┌────────

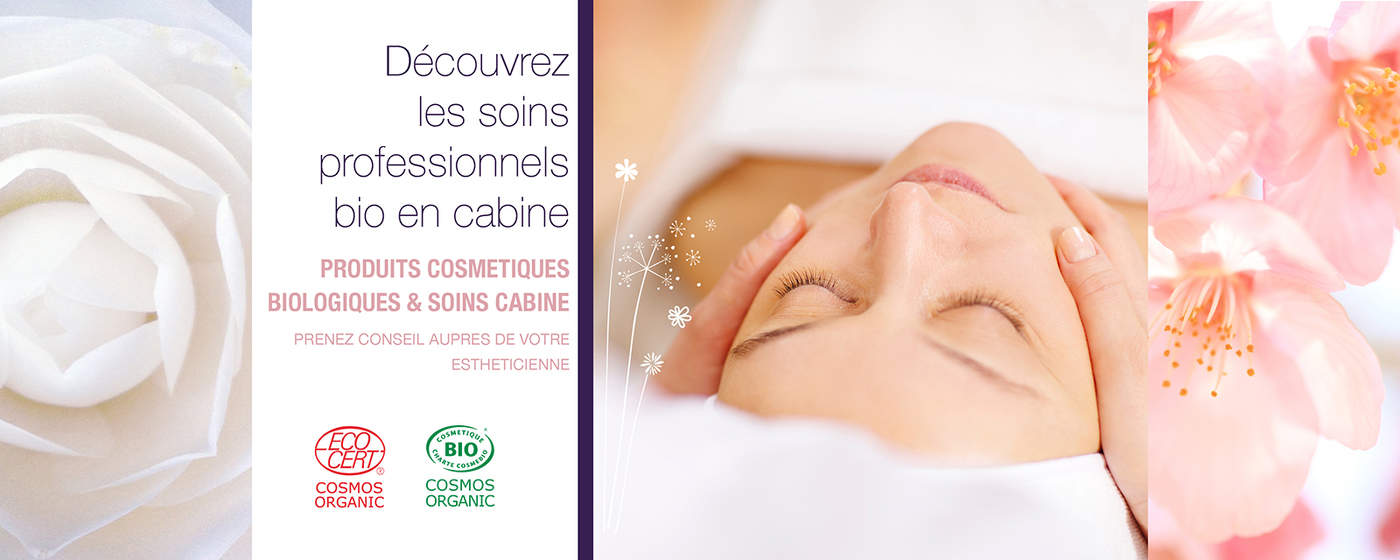 Estime&Sens : soins naturels et BIO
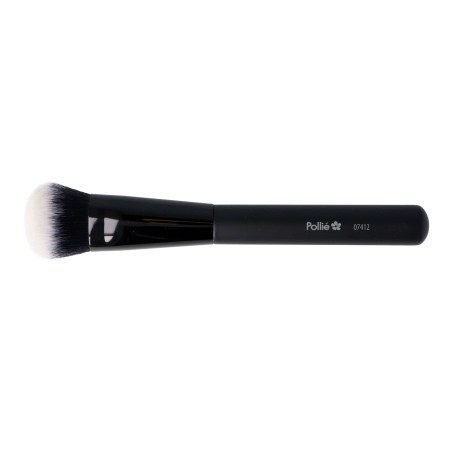 BROTXA FOUNDATION Nº4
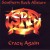 Buy Southern Rock Allstars - Crazy Again Mp3 Download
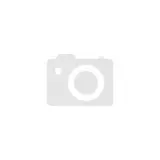 GAOMON PD2200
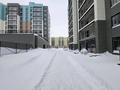 Свободное назначение · 126.5 м² за ~ 88.6 млн ₸ в Астане, Сарайшык р-н — фото 4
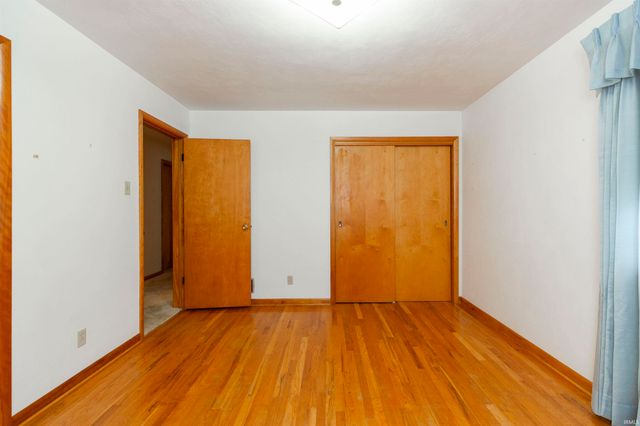 63200 Miami Road, South Bend, IN 46614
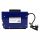 Máy hàn điện tử Kachi MK-120A - Hàng chính hãng
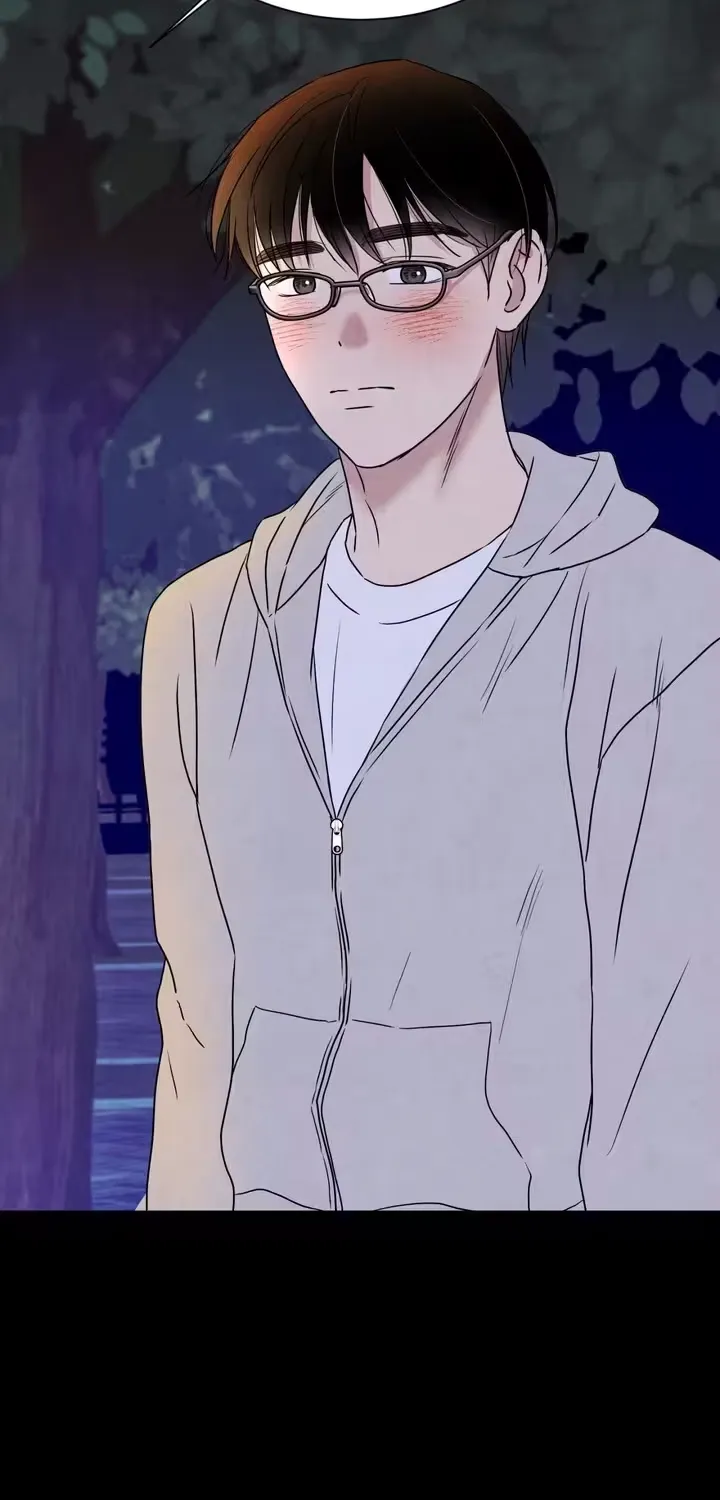 Read F.W.B chapter 7 image 56 on Lezhin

└────────

WORK TASK | Retype exactly the lines above, starting at the line containing "63200 Miami Road, South Bend, IN 46614" and ending with the last line, both included; leave out the pictures.

SOLUTION BELOW |
 63200 Miami Road, South Bend, IN 46614
 Máy hàn điện tử Kachi MK-120A - Hàng chính hãng
 Read F.W.B chapter 7 image 56 on Lezhin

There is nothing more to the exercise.